Byline: Matthew Russell Lee of Inner City Press at UN
www.innercitypress.com/un1fondue051308.html

UNITED NATIONS, May 13 -- Under a red light and with a broken microphone, the founders of eBay and the celebrated biographer of Sergio de Mello launched a campaign Tuesday night in the UN's Delegates' Dining Room. Samantha Power, with the requisite jokes about her falling-out with Barak Obama's campaign, announced the Freedom from Fear Social Action Campaign, to which eBay's founders Pierre and Pam Omidyar are contributing $350,000 as a matching grant. Those who are expected to match it were invited to an event about Power's book about de Mello, "Chasing the Flame."

The goal is to make Americans care more about foreign policy, by jazzing it up with de Mello's story. The campaign's first steps, or "products" as Power called them, are an HBO documentary and a feature film based off the book. Power spoke of synergy between Borders bookstores and the AMC movie theater chain: after a screening, a foreign policy professor could be in the bookstore to talk about it. Perhaps there'll be an affiliated line of coffees, one wag mused as the sunset reflected off the mirrored buildings on Long Island City.

Beyond the joke about Power being exiled from the Obama campaign for overly energetic criticism of Hillary Clinton as "a monster," Obama's name came up repeatedly. The audience was told they must be chomping at the bit, and not only the cheese cubes, to get to a television and watch the night's West Virginia primary results. Power described de Mello, or at least one of his phrases, as "Obama-esque."
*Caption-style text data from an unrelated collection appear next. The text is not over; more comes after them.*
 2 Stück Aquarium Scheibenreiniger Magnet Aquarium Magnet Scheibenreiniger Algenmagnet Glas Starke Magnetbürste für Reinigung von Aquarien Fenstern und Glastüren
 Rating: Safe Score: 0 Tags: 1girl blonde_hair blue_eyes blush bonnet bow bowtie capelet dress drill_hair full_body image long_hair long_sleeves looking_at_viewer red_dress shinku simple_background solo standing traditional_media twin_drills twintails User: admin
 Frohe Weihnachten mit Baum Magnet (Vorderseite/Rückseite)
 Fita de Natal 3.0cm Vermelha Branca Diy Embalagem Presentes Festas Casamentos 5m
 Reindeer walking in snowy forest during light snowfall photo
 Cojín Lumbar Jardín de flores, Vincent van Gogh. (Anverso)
Not mentioned was Obama's letter to U.S. Ambassador Zalmay Khalilzad earlier this year, demanding that the U.S. not support any statement about the blockage of Gaza until the statement also condemned Hamas. Power mused about the responsibility to protect, mentioning "Burma, Darfur and Iran" and speaking of bringing "law to lawless places." She said that "if China is to change" and be "brought in," it will happen "in capitals."
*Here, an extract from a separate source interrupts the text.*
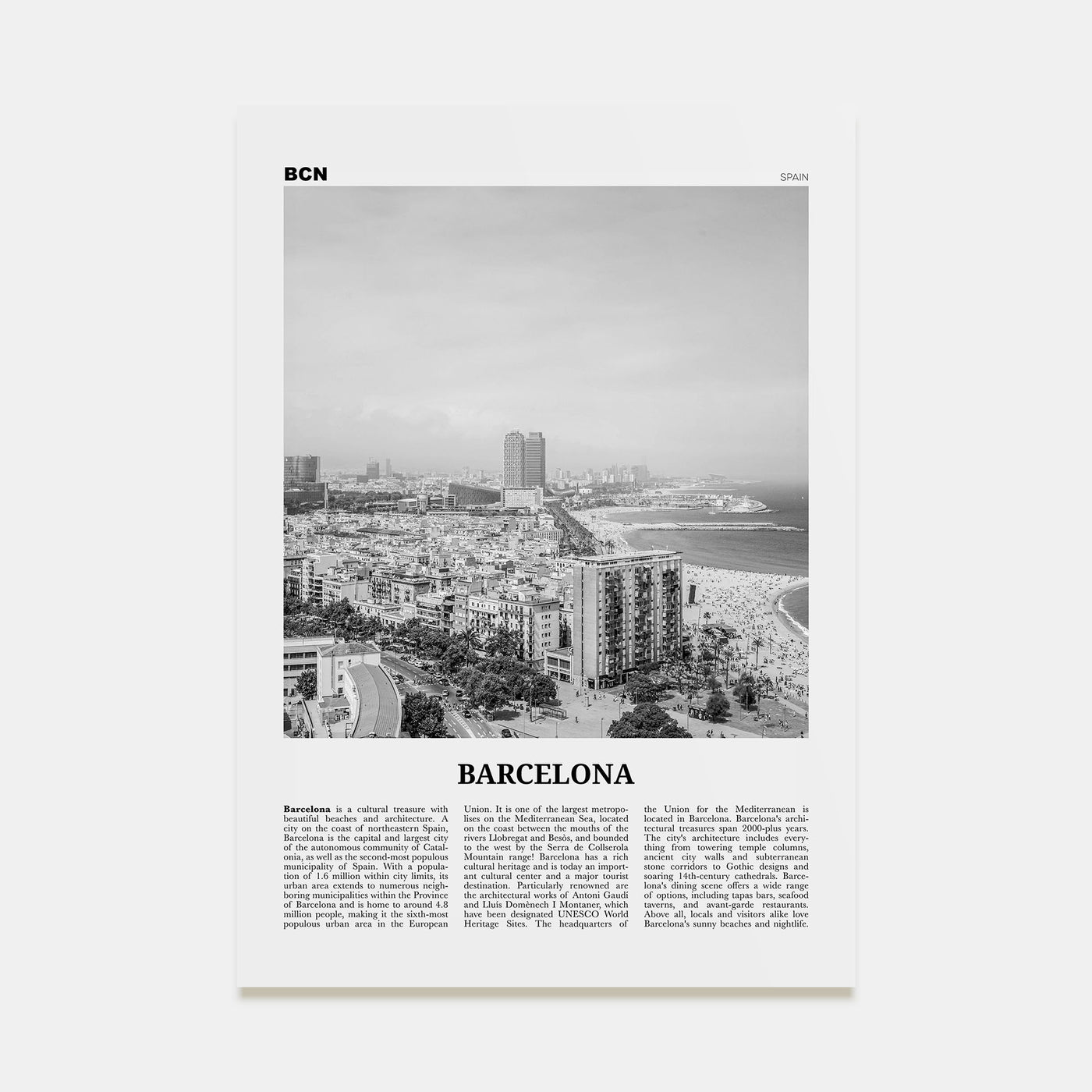 Barcelona Travel B&W No 2 Poster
It was a decidedly less diverse audience than one usually finds at events in the UN Delegates' Dining Room. To a sociologist's eye, these were affluent Americans, loyal supporters of all things UN without really following any of it too closely. The on-again off-again microphone was joked about -- "this is not a metaphor for the UN," Power said. But perhaps all of it is, a metaphor...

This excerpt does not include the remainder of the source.